> [Exercise data]
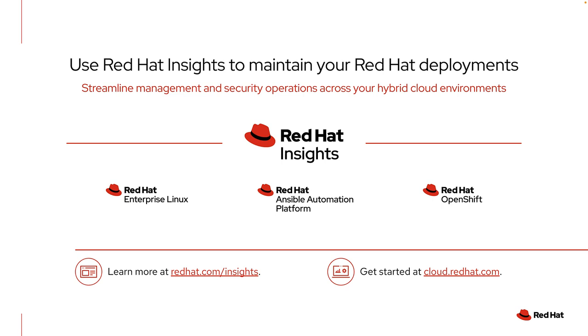Hello everyone, I'm John Spinks, member of the Insights product team. Today, we're going to look at the malware detection service within Red Hat Insights.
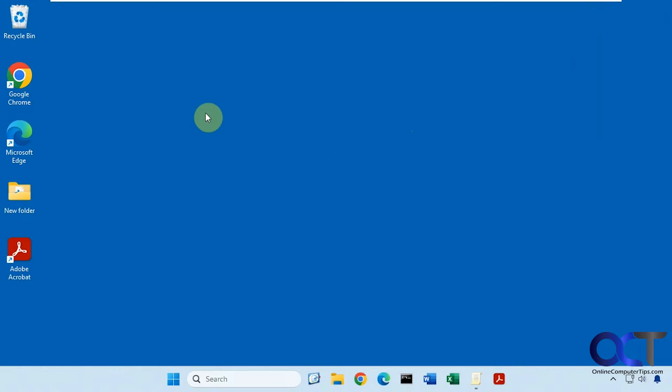So the Local Group Policy editor is for Windows Professional Editions, but you can actually enable it in Windows Home Edition. So I'll put a link in the description on how you can do that.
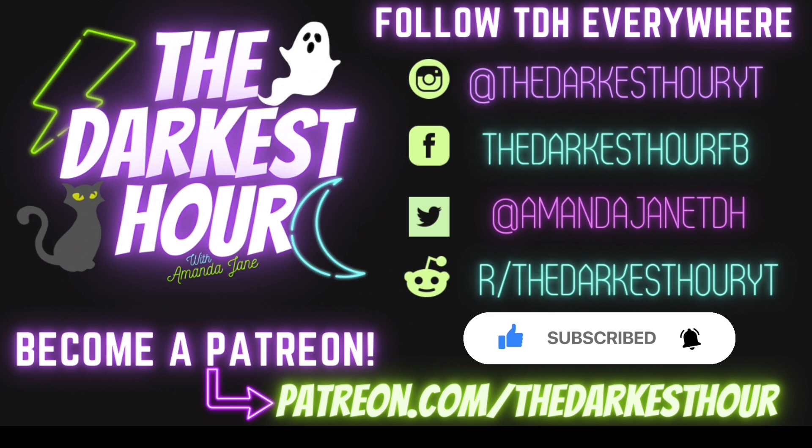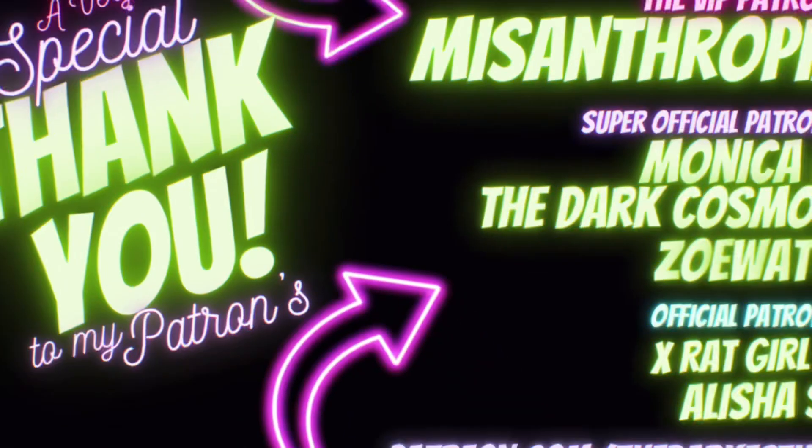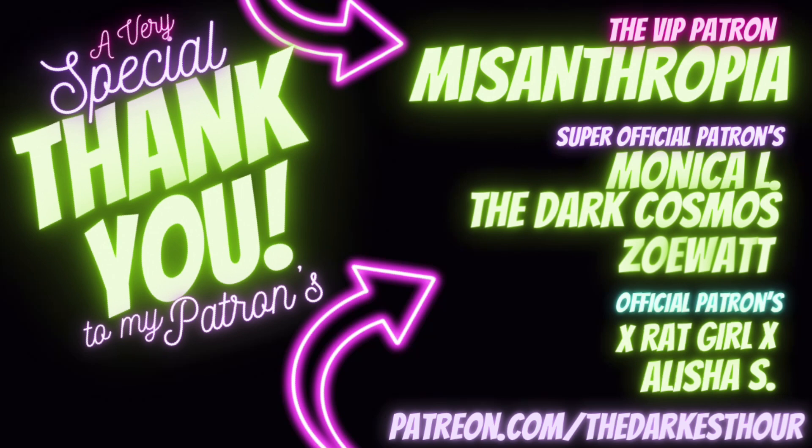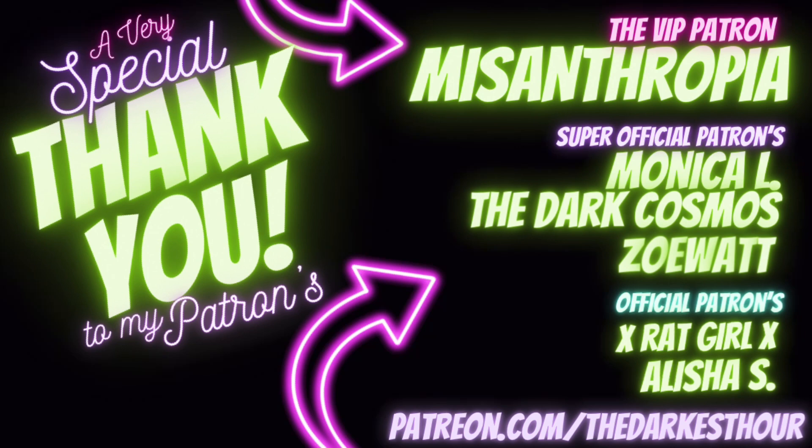Huge shout-out to all of my patrons for their unwavering support. Remember, if you want to support The Darkest Hour in other ways, you can join my Patreon too, patreon.com slash thedarkesthour. Follow me and keep up with all things Darkest Hour over on my Instagram, at thedarkesthouryt. Do you have stories like these? I'd love to share them. Send them to me, amandadarkesthour at gmail.com, or on the Darkest Hour subreddit, thedarkesthouryt. Stay spooky.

> [Exercise goal]
Once the pictures are dropped, repeat the data above exactly.

> [Result of the task]
Hello everyone, I'm John Spinks, member of the Insights product team. Today, we're going to look at the malware detection service within Red Hat Insights.
So the Local Group Policy editor is for Windows Professional Editions, but you can actually enable it in Windows Home Edition. So I'll put a link in the description on how you can do that.
Huge shout-out to all of my patrons for their unwavering support. Remember, if you want to support The Darkest Hour in other ways, you can join my Patreon too, patreon.com slash thedarkesthour. Follow me and keep up with all things Darkest Hour over on my Instagram, at thedarkesthouryt. Do you have stories like these? I'd love to share them. Send them to me, amandadarkesthour at gmail.com, or on the Darkest Hour subreddit, thedarkesthouryt. Stay spooky.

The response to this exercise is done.